Participation rights, notification, etc.
Shareholders who wish to attend the AGM must:
• be registered in the share register maintained by Euroclear Sverige AB (formerly: VPC AB) no later than April 21, 2009,
• notify the company of their intention to attend the AGM no later than 4 p.m. CET on April 21, 2009.

Shareholders must notify the company of their intention to attend the AGM in writing to Neonet AB (publ):
• by fax: +46 (0)8 10 40 84
• by e-mail: investor.relations@Neonet.com, or
• by post to Neonet AB (publ), “AGM registration,” Box 7545, SE-103 93 Stockholm, Sweden.

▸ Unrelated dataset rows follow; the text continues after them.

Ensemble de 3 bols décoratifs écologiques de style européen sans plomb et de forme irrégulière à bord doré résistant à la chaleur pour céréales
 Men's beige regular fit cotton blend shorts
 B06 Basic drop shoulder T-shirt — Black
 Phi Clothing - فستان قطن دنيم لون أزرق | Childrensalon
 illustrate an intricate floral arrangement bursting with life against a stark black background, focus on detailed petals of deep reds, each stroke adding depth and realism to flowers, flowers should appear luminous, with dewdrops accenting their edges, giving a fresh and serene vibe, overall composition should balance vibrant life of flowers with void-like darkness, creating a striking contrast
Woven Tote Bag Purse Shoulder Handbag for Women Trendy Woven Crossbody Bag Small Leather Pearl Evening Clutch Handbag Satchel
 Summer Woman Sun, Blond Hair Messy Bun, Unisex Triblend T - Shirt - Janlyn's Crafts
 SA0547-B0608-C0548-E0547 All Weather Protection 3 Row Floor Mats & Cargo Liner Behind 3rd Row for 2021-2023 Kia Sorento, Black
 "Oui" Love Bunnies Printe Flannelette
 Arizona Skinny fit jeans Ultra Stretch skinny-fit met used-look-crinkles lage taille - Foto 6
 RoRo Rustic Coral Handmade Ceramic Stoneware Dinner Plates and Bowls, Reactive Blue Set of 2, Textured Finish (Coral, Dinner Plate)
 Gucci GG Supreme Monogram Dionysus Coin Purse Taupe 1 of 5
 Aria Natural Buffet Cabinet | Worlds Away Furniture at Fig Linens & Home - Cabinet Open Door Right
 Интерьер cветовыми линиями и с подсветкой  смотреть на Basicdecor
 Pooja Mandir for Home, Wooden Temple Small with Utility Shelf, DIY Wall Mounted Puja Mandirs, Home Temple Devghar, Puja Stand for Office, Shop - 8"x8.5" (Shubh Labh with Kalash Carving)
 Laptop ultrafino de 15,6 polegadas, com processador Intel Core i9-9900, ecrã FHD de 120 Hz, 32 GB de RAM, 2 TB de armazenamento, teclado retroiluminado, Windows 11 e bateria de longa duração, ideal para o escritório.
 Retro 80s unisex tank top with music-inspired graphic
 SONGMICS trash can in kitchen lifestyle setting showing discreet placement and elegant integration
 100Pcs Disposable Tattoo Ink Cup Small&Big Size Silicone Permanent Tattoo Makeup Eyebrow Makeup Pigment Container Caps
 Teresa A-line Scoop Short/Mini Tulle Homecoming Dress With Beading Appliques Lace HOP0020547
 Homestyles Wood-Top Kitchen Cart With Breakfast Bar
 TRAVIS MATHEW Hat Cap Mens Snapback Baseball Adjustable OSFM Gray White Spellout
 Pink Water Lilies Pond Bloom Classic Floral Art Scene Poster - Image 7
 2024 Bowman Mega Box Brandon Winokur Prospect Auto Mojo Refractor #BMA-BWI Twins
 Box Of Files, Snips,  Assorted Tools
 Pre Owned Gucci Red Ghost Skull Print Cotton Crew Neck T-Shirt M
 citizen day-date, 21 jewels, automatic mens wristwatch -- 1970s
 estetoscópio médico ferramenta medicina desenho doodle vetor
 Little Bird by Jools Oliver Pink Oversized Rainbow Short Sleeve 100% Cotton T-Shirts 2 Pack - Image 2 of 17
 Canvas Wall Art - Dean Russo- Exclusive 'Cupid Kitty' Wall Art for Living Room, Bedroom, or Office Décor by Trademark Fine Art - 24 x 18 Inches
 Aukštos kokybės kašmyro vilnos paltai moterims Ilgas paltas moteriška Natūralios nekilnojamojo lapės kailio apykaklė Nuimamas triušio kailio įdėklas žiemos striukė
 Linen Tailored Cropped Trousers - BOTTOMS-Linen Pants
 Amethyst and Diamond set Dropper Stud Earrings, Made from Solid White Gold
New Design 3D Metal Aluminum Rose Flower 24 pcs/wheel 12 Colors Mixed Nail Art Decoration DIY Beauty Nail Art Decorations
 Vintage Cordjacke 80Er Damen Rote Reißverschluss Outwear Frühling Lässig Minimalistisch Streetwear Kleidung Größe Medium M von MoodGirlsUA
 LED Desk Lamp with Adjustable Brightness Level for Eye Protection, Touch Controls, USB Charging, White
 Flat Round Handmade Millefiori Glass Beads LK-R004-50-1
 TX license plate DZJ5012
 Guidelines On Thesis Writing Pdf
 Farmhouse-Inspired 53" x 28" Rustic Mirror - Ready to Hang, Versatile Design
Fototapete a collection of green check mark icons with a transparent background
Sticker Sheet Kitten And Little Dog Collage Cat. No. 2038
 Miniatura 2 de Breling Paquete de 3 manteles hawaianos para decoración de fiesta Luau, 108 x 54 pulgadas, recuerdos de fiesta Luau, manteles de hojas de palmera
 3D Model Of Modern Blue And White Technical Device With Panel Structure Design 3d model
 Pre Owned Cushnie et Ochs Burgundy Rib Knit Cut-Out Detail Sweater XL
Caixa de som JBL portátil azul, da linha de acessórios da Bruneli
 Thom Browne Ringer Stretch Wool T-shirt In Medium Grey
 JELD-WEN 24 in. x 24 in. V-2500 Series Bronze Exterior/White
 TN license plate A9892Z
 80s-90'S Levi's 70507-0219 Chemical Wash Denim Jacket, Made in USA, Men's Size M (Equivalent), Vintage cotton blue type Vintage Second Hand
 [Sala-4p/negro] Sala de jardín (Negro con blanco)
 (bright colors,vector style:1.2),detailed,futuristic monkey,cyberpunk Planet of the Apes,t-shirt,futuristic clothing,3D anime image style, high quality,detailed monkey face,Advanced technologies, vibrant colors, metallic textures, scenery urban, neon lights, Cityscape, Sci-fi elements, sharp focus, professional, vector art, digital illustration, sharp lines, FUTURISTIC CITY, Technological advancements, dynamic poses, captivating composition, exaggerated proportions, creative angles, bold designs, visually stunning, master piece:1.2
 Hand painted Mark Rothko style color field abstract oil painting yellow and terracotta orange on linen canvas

In connection with notification, shareholders must state their name, personal or corporate identity number, address, telephone number, shareholding and details of any advisors who will attend. Representatives of shareholders at the Annual General Meeting must be able to present the original version of a signed and dated power of attorney and, for those representing a legal entity, a verified copy of the registration certificate or corresponding document confirming authorization. The power of attorney may not be older than one year and must be sent to the company when notifying attendance. A form for the power of attorney will be provided on request and is also available on the company’s website, www.Neonet.com.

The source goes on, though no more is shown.